McCullough Robertson hired a dedicated pro bono partner to its non-profits and community partnerships team in 2010. Heather Watson declined to be interviewed by Lawyers Weekly, but the firm has confirmed that Watson is not acting on Abbott’s case.
A spokesperson for McCullough Robertson told Lawyers Weekly that its broad pro bono priority areas are: access to justice; health and mental health; indigenous education; rural and remote communities and their activities, and community arts.
However, the firm refused to comment on how representing a federal politician fits within these priority areas.
“We are very proud of the pro bono work we conduct for our clients,” the spokesperson said.

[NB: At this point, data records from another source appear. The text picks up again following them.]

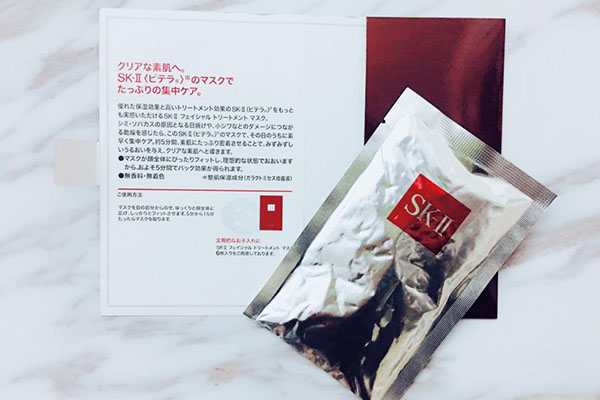 2020補水面膜排行榜10強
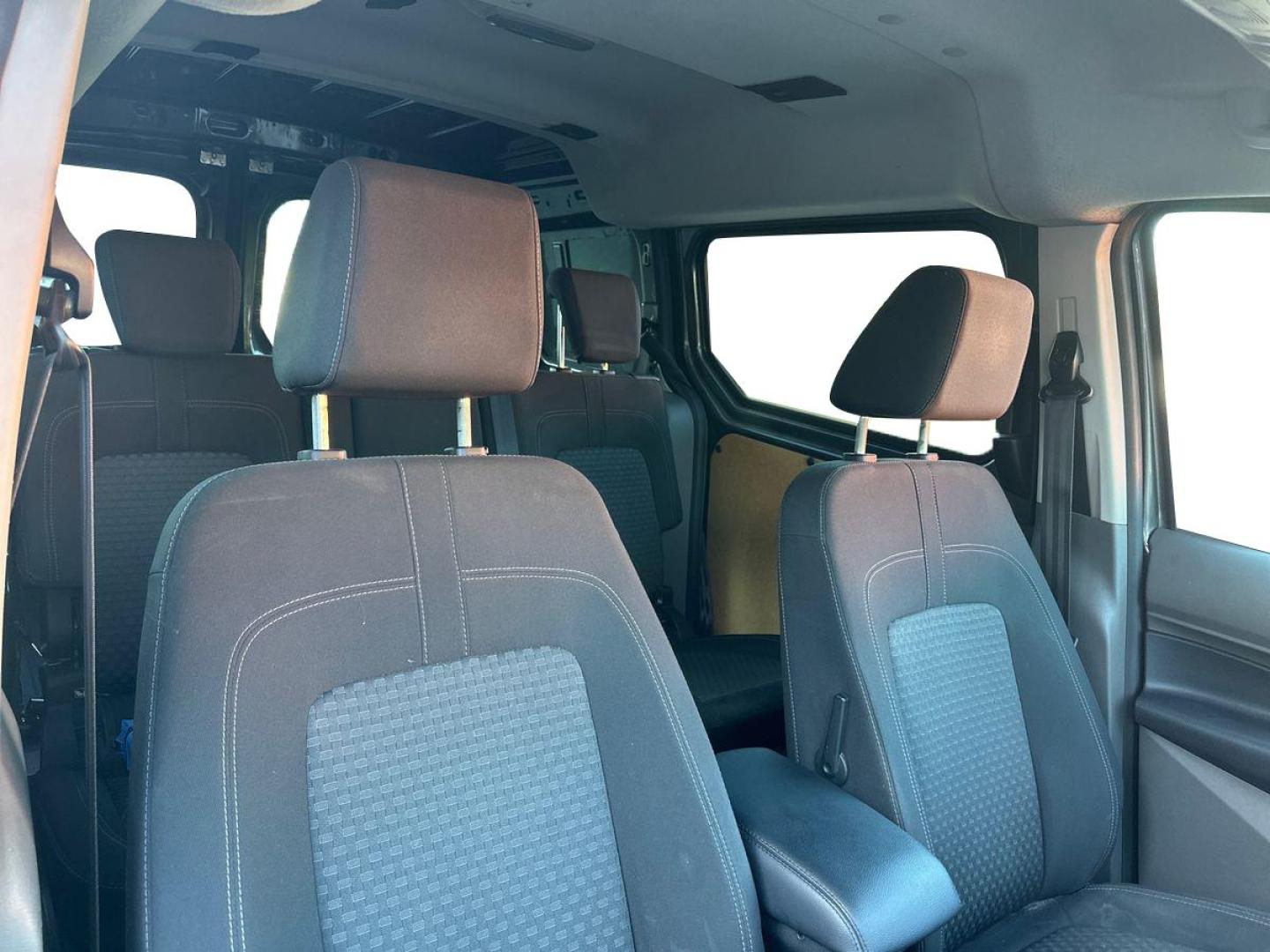 Image FORD Transit Connect L2 1.5 EcoBlue 100ch Cabine Approfondie Trend BVA
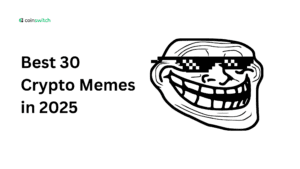 Best 30 Crypto Memes in 2025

Ettridge has accused Abbott of unlawfully assisting and encouraging litigation against One Nation in 1998. Both Ettridge and the party’s co-founder, Pauline Hanson, served 11 weeks of a three-year jail sentence after being convicted of electoral fraud in 2003. The convictions were overturned on appeal.
Ettridge told the Herald Sun that it was a farce that Abbott was not paying his own legal costs.
“This is just a case of the soldier ants rallying around the nest,” he said. “Mr Abbott doesn’t accept responsibility for his breaking of the law and it is clear that he can't even accept the responsibility of paying his own way to defend this case.
“I guess the question needs to be asked is what political favours are being created by that firm that will be called upon if Mr Abbott is prime minister after the next election.”
Abbott is also being represented pro bono by barrister Robert Bain QC and junior counsel Nick Ferrett in the matter.
Last year, Abbott disclosed that he was receiving pro bono legal services from Arnold Bloch Leibler in a defamation case brought against him by unionist John Setka.